Юленька просто не заметила калитки в темной садовой ограде, которую я отворил в мгновение ока. В темень сада ворвался лунный свет, явив взору царство роскоши, прежде всего купу великолепных магнолий, неожиданно дружно расцветших не в жаркий полдень, а, вероятно, только к ночи, — это были нежно-белые «юланки». Нет прекраснее зрелища, чем вид магнолий при свете луны.
А молоденькие черешенки, словно в белом дыму сбегающие вниз с пригорка, а лужайки майских цветов с их буйством красок! Я отнюдь не мечтатель, но каждый раз, открывая ясной ночью калитку своего сказочного сада, затопленного волшебным лунным светом, я представлял себе, что вот-вот увижу тут хоровод фей из «Сна в летнюю ночь», а если потороплюсь, то наверняка примечу и ножку последней вилы, исчезающей в кустах; сад же в своей призрачной красоте глядит на пришельца как ни в чем не бывало, и лишь из дальнего уголка доносится тихий смех...
Сегодня я привел сюда весьма сомнительную фею; чарующий вид сада так поразил ее, что она не осмеливалась войти.
Я слегка подтолкнул ее вперед и тотчас повернул в замке ключ — теперь ей от меня не убежать!
Как можно более непринужденно я сказал:
— Вот мы и пришли, барышня
Слова эти были для нее словно нож острый, разве что кровь не пролилась. Она бросилась назад к калитке, да так и осталась стоять возле нее как пригвожденная. Черты ее лица перекосились от ужаса.
Судорожно глотнув, Юленька, набравшись смелости, заговорила:
— Умоляю вас, ради бога, отпустите меня сейчас же! — И сунула, глупенькая, палец в замочную скважину, будто он мог заменить ключ.

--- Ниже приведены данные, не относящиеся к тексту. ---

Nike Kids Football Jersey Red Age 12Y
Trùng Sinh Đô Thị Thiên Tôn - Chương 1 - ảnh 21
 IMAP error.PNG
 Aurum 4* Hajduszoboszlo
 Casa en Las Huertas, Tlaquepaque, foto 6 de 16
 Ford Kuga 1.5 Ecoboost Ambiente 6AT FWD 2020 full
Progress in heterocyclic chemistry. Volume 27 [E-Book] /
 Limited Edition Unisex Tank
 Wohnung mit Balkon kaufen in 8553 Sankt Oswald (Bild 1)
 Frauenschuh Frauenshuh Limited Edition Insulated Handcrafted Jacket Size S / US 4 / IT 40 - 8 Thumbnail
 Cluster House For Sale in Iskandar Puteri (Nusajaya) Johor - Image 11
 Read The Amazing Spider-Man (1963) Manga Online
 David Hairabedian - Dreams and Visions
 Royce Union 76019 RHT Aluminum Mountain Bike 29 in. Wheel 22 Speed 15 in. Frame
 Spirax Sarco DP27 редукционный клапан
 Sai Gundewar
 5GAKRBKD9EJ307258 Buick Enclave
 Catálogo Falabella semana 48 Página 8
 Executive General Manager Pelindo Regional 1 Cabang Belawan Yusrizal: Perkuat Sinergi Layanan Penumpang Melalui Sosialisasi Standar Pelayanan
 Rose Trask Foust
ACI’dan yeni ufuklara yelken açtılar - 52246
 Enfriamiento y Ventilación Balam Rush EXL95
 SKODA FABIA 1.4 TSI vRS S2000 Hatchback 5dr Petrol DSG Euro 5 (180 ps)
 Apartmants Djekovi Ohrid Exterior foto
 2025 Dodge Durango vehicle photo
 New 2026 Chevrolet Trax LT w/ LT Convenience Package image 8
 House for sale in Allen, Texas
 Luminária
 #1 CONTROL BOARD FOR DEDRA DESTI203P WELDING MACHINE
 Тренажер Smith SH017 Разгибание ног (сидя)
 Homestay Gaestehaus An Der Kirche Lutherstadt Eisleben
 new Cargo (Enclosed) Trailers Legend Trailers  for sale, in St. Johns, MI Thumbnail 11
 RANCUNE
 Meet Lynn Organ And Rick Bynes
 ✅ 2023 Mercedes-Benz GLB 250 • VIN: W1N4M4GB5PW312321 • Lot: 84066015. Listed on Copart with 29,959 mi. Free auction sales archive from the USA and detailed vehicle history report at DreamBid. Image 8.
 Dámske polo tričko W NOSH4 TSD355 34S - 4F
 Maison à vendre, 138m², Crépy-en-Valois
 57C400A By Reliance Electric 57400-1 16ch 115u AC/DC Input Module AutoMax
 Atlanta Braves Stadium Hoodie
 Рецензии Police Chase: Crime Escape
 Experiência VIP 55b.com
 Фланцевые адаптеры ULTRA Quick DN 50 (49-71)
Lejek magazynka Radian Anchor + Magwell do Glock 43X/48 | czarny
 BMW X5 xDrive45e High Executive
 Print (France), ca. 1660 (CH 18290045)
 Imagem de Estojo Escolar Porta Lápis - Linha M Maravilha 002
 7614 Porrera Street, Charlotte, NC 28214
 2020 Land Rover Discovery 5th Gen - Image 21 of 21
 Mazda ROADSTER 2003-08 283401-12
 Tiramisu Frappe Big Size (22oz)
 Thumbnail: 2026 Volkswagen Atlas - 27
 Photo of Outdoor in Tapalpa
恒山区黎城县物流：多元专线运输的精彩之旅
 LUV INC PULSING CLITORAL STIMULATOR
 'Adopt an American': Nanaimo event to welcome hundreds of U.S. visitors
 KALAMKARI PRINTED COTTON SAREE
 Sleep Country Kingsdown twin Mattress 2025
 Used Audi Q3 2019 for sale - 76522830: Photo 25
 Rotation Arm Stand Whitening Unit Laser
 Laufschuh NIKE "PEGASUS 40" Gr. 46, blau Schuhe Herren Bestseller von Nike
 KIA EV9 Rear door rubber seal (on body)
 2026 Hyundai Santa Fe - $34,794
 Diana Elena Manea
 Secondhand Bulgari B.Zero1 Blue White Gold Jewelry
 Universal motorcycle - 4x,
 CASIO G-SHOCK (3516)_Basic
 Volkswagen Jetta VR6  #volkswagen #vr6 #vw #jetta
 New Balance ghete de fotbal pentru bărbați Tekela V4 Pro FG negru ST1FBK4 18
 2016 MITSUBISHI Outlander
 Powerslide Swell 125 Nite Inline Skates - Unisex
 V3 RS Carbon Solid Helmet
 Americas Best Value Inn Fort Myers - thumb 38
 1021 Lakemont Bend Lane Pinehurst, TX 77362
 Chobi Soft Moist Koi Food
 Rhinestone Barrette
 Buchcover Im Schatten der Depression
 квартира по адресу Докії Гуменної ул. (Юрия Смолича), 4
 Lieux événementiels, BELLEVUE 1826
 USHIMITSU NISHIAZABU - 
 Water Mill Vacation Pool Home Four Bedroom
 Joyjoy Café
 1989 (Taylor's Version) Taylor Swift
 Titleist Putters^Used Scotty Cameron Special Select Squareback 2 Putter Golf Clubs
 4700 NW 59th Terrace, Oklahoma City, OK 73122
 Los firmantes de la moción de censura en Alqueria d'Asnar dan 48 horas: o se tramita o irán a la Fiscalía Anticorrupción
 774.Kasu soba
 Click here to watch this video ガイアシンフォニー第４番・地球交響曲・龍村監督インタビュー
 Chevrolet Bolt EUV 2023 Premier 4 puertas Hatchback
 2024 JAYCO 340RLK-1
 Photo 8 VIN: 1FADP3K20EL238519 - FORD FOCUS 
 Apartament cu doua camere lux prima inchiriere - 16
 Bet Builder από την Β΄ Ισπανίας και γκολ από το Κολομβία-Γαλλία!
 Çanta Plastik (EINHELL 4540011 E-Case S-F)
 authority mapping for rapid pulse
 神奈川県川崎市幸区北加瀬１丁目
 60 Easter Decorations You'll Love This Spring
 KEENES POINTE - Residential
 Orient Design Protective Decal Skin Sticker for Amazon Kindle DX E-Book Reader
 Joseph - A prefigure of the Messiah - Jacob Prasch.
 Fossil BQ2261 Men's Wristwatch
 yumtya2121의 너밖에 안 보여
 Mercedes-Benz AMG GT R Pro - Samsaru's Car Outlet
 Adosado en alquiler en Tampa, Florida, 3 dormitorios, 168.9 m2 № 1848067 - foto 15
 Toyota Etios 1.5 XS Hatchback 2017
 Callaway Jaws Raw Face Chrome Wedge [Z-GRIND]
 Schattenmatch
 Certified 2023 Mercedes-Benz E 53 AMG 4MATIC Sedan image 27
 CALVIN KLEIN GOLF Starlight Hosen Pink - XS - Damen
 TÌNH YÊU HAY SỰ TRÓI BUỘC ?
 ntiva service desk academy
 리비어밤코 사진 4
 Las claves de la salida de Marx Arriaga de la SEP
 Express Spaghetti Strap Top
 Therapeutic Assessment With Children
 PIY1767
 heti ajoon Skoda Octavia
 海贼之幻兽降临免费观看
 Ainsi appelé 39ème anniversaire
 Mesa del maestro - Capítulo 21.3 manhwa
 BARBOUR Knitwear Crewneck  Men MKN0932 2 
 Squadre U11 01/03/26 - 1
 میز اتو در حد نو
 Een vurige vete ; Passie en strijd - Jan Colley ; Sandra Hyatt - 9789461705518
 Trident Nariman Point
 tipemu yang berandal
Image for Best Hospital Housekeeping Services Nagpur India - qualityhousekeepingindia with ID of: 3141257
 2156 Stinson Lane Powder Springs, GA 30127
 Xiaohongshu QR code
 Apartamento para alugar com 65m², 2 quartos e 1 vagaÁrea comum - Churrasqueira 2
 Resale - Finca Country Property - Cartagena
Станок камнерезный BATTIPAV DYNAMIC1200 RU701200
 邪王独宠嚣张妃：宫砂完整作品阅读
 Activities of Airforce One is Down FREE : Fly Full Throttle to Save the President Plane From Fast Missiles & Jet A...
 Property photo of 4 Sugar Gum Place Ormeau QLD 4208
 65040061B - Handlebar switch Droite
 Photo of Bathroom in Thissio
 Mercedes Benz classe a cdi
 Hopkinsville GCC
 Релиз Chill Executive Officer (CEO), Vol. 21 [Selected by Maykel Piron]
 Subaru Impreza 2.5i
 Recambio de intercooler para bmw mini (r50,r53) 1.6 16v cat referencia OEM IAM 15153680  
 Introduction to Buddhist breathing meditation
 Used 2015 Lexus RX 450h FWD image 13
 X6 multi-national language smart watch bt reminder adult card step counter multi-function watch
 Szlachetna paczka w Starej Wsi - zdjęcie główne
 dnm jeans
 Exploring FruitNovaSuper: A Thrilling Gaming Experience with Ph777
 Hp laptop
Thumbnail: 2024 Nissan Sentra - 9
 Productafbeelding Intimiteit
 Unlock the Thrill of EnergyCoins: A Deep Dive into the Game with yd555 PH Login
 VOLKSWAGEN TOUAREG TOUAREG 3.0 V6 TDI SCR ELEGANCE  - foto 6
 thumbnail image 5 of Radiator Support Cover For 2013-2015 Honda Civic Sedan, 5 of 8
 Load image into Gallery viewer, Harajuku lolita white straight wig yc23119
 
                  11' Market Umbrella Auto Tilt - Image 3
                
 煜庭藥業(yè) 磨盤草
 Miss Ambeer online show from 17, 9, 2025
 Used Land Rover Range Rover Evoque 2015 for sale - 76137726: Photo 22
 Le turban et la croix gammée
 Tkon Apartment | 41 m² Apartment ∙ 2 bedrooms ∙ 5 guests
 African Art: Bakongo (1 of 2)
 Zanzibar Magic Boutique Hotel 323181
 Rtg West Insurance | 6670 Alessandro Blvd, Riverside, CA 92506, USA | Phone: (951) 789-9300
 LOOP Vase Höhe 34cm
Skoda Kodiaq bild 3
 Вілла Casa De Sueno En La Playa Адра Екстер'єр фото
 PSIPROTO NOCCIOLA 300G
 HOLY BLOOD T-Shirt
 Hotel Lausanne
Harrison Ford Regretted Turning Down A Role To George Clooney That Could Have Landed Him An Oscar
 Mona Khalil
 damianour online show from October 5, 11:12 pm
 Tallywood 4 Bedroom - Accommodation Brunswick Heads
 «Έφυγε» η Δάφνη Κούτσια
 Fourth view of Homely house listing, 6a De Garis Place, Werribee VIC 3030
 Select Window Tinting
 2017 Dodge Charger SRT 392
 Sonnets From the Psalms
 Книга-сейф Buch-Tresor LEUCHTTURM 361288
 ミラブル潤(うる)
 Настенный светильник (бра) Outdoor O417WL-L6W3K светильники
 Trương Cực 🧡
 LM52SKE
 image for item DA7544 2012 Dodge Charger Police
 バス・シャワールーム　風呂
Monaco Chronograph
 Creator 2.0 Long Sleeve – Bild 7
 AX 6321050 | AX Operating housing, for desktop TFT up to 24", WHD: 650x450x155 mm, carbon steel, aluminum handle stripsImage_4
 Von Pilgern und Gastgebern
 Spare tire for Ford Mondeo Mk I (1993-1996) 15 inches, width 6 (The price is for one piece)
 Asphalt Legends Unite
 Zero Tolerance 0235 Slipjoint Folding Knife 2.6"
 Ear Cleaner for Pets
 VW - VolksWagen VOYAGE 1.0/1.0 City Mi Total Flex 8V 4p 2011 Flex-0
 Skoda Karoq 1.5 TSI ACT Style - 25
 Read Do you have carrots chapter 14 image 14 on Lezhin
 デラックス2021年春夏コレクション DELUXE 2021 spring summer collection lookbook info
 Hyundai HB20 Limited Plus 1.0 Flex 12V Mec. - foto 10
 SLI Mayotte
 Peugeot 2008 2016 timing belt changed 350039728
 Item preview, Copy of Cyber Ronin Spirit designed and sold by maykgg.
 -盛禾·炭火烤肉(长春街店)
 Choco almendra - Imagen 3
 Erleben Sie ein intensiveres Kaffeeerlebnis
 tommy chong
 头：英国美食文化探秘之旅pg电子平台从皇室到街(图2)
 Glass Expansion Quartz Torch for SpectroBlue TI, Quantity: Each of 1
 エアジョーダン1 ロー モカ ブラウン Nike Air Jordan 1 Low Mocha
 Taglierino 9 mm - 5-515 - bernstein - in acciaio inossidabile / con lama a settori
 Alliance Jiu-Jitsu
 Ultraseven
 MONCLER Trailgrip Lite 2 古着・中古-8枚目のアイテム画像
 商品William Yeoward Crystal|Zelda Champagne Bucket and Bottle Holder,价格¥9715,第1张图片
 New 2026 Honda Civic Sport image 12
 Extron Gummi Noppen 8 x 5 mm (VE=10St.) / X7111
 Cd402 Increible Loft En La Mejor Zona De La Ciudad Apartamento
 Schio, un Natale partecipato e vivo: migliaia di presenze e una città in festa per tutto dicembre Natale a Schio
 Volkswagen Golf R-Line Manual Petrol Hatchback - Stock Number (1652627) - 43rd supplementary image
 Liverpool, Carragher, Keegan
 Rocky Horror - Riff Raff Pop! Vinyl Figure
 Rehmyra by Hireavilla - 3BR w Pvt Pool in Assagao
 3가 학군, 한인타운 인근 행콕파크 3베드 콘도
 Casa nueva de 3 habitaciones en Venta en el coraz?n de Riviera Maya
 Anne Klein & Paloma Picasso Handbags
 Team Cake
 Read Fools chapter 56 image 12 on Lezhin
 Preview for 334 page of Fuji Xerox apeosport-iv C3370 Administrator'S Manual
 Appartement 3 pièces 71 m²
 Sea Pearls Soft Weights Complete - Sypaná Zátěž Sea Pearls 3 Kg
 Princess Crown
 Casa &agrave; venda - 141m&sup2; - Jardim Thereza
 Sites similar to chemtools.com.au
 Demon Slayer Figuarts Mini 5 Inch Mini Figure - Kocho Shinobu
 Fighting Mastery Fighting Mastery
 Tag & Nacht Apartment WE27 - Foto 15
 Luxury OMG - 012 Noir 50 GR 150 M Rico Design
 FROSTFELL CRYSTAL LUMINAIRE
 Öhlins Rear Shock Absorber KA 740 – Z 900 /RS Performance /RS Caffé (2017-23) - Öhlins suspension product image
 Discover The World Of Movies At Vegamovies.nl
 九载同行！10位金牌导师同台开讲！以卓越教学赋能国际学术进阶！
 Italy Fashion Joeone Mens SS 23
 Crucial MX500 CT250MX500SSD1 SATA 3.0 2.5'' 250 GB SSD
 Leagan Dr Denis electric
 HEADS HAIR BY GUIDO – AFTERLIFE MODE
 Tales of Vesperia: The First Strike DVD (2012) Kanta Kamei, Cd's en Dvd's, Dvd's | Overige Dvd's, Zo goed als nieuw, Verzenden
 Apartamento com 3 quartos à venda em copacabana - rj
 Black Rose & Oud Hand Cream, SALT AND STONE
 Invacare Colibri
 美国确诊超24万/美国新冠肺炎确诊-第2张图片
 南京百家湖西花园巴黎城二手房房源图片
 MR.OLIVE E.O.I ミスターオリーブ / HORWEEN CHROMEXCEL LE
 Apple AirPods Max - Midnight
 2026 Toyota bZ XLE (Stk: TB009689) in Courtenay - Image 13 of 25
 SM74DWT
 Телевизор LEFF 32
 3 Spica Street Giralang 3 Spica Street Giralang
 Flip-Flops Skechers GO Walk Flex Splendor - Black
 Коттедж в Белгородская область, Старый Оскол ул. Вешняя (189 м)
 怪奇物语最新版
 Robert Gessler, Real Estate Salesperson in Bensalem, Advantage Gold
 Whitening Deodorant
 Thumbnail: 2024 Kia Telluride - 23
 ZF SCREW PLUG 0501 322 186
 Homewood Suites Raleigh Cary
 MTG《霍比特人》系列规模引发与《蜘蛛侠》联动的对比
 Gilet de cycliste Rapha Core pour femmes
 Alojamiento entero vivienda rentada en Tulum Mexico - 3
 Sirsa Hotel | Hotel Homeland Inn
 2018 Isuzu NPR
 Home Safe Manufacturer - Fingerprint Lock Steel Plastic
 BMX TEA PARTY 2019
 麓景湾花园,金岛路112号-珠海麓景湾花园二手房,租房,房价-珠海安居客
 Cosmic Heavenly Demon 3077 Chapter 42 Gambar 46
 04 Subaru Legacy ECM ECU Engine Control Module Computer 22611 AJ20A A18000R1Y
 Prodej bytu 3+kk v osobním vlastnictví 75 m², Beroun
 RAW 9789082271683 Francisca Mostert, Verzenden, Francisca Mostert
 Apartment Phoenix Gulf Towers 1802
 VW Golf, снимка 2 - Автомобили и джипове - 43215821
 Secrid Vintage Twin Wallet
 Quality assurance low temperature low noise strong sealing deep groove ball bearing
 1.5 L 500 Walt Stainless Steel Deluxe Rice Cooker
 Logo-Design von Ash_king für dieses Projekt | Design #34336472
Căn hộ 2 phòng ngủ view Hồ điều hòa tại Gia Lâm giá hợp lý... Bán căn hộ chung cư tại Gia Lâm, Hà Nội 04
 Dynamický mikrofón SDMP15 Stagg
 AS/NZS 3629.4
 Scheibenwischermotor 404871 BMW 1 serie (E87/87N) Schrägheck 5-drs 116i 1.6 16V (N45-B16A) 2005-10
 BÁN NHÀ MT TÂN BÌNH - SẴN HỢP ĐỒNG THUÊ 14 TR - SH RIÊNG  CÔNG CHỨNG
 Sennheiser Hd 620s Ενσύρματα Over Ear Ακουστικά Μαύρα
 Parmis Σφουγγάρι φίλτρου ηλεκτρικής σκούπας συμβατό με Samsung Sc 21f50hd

— Не пущу, потому что я знал вашего отца, Юленька!
— Что это у вас за шутки, да вы наверняка обознались, меня иначе зовут, а это имя я отродясь не слышала!
Все вы одинаковые, подумал я.
— Нет, милая барышня, зовут вас Юлия Занятая, это имя вы получили по отцу, а я знавал доктора Юлиуса Занятого!
— Вот и нет, зовут меня Тонча, а до фамилии моей вам дела нет. И вообще, за кого вы меня принимаете, я совсем не такая, как вы думаете!
Да, все они совершенно одинаковые!
— Знаете что, Юленька, — настаивал я, — выслушайте меня внимательно. Если вы не та, за кого я вас с полным правом принял, то есть еще не успели таковой стать, считайте, что вам повезло и вы, может быть, вовремя попали в мои руки. Я сделаю все, что в моих силах, чтобы спасти вас! Я обязан сделать это в память о вашем отце, который был когда-то моим ближайшим другом...
Минута ее строптивого молчания полностью соответствовала тому типу поведения, о котором она и понятия не имела.
— ...о докторе медицины Юлиусе Занятом, — выдержав паузу, закончил я, акцентируя каждый слог.
— Если вы не отпустите меня, я закричу!